Let us now prove the statement. We consider the map from \(H^{\bullet }(A)^{\otimes N}\) to A of bidegree \((2-N)(s,-s+1)+(N',-N')\) given by

$$\begin{aligned} U_{N}^{N'} =&\sum _{(r,s,t) \in \mathcal {I}_{N}} \sum _{j \in {\mathbb {N}}_{0,\le N'}^{s}} (-1)^{r + s t} {\tilde{{f}}}_{r + 1 + t}^{j} \circ \left( \mathrm {id}_{H^{\bullet }(A)}^{\otimes r} \otimes \bar{m}_{s}^{N'-j} \otimes \mathrm {id}_{H^{\bullet }(A)}^{\otimes t}\right) \nonumber \\&- \sum _{q \in {\mathbb {N}}} \sum _{\bar{i} \in {\mathbb {N}}^{q, N}} \sum _{\bar{j} \in ({\mathbb {N}}^{q+1, N'})^{*}} (-1)^{w} m_{q}^{j_{0}} \circ \left( {\tilde{{f}}}_{i_{1}}^{j_{1}} \otimes \dots \otimes {\tilde{{f}}}_{i_{q}}^{j_{q}}\right) , \end{aligned}$$
(3.5)

where \(\bar{j} = (j_{0}, \dots , j_{q})\),

$$\begin{aligned} {\mathbb {N}}_{0,\le N'}^{s} = {\left\{ \begin{array}{ll} {\mathbb {N}}_{0, \le N'}, &{}\text {if }s \ne N, \\ {\mathbb {N}}_{\le N'}, &{}\textit{else}, \end{array}\right. } \end{aligned}$$

and

$$\begin{aligned} ({\mathbb {N}}^{q+1, N'})^{*} = {\left\{ \begin{array}{ll} {\mathbb {N}}^{q+1, N'}, &{}\text {if }q \ne 1, \\ {\mathbb {N}}^{2, N'} {\setminus } \{ (0,N') \}, &{}\textit{else}. \end{array}\right. } \end{aligned}$$

By Lemma 3.5 we have that \(m_{1}^{0} \circ U_{N}^{N'}\) vanishes. We define \(\bar{m}_{N}^{N'}\) as minus the composition of \(U_{N}^{N'}\) and the canonical projection \(\pi :\mathrm {Ker}(m_{1}) \rightarrow H^{\bullet }(A)\). By the very definition of \(U_{N}^{N'}\) we see that \(U_{N}^{N'} + f_{1}^{0} \circ \bar{m}_{N}^{N'} = (\mathrm {id}_{\mathrm {Ker}(m_{1})} - f_{1}^{0} \circ \pi ) \circ U_{N}^{N'}\) lies in the image of \(m_{1}^{0}\), so there exists a morphism \(f_{N}^{N'} :H^{\bullet }(A)^{\otimes N} \rightarrow A\) (necessarily of bidegree \((1-N)(s,-s+1)+(N',-N')\)) such that

$$\begin{aligned} U_{N}^{N'} + f_{1}^{0} \circ \bar{m}_{N}^{N'} = m_{1}^{0} \circ f_{N}^{N'}, \end{aligned}$$
(3.6)

which is just the term of the restriction to \(H^{\bullet }(A)^{\otimes N}\) of the Stasheff identity on morphisms \(\mathrm {MI}(N)\) of \(A_{N}\)-algebras over \(k[\hbar ]/(\hbar ^{(N'+1)})\) which is multiplied by \(\hbar ^{N'}\).

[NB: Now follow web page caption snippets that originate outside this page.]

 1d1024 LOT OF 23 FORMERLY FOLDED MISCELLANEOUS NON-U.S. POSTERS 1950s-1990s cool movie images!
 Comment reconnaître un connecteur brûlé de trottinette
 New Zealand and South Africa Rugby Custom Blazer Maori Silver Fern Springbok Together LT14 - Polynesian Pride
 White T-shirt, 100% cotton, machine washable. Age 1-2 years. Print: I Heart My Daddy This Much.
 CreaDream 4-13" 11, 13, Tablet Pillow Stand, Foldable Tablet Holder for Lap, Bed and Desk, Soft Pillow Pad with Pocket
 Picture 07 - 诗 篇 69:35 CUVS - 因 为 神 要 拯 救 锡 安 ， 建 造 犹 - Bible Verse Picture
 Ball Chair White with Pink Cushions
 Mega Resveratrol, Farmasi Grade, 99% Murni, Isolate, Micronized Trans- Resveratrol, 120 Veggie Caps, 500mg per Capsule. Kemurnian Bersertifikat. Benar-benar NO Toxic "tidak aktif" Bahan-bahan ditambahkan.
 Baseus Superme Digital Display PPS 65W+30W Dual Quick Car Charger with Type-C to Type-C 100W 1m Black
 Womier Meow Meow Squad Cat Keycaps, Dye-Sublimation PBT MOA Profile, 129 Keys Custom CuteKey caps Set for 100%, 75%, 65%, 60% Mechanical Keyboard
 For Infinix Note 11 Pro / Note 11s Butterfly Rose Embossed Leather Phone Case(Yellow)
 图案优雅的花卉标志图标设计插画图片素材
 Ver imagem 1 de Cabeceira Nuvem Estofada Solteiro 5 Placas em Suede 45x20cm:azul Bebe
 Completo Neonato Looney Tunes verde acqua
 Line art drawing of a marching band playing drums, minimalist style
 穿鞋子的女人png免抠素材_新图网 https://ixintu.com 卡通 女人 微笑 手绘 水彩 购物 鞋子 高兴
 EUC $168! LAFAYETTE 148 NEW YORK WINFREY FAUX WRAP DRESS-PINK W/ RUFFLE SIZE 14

If we assumed A is unitary, then a trivial verification shows that we may choose \({\tilde{{f}}}_{N}(\bar{a}_{1}, \dots , \bar{a}_{N})\) satisfying that it vanishes if there exists \(j \in \{1, \dots , N \}\) such that \(\bar{a}_{j} = 1_{H^{\bullet }(A)}\). We have that \(\tilde{\bar{m}}_{N}\) together with the previously considered multiplications \(\tilde{\bar{m}}_{1}, \dots , \tilde{\bar{m}}_{N-1}\) satisfy the Stasheff identity \(\mathrm {SI}(N-1)\) as \(A_{(N-1)}\)-algebras over \(k[\hbar ]/(\hbar ^{(N'+1)})\). Indeed, these Stasheff identities can be easily proved by considering the bar constructions of \(H^{\bullet }(A)_{\hbar ^{(N'+1)}}\) and of \(A_{\hbar ^{(N'+1)}}\) up to tensor degree N with their corresponding coderivations \({\tilde{\bar{B}}}_{N}\) and \({\tilde{{B}}}_{N}\), constructed from \(\tilde{\bar{m}}_{1}, \dots , {\tilde{\bar{m}}}_{N}\) and from \({\tilde{{m}}}_{1}, \dots , {\tilde{{m}}}_{N}\) respectively. The morphism identities up to tensor degree N are tantamount to show that the morphism \({\tilde{{F}}}_{N}\) induced by \({\tilde{{f}}}_{1}, \dots , {\tilde{{f}}}_{N}\) between the bar constructions of \(H^{\bullet }(A)_{\hbar ^{(N'+1)}}\) and of \(A_{\hbar ^{(N'+1)}}\) up to tensor degree N satisfies that \({{\tilde{{B}}}}_{N} \circ {{\tilde{{F}}}}_{N} = {\tilde{{F}}}_{N} \circ {\tilde{\bar{B}}}_{N}\). The fact that \(A_{\hbar ^{(N'+1)}}\) is an \(A_{N}\)-algebra over \(k[\hbar ]/(\hbar ^{(N'+1)})\) tells us that \({{\tilde{{B}}}}_{N} \circ {{\tilde{{B}}}}_{N} = 0\). Since \({{\tilde{{f}}}}_{1}\) is injective, for \({\tilde{{f}}}_{1}^{0}\) is also by definition (this follows from a straightforward computation), which in turn implies that \({{\tilde{{F}}}}_{N}\) is injective (see [6], Prop. 2.4.2), we get that \(\tilde{\bar{B}}_{N} \circ {\tilde{\bar{B}}}_{N} = 0\), which in turn implies the Stasheff identity \(\mathrm {SI}(N)\) for \(H^{\bullet }(A)_{\hbar ^{(N'+1)}}\).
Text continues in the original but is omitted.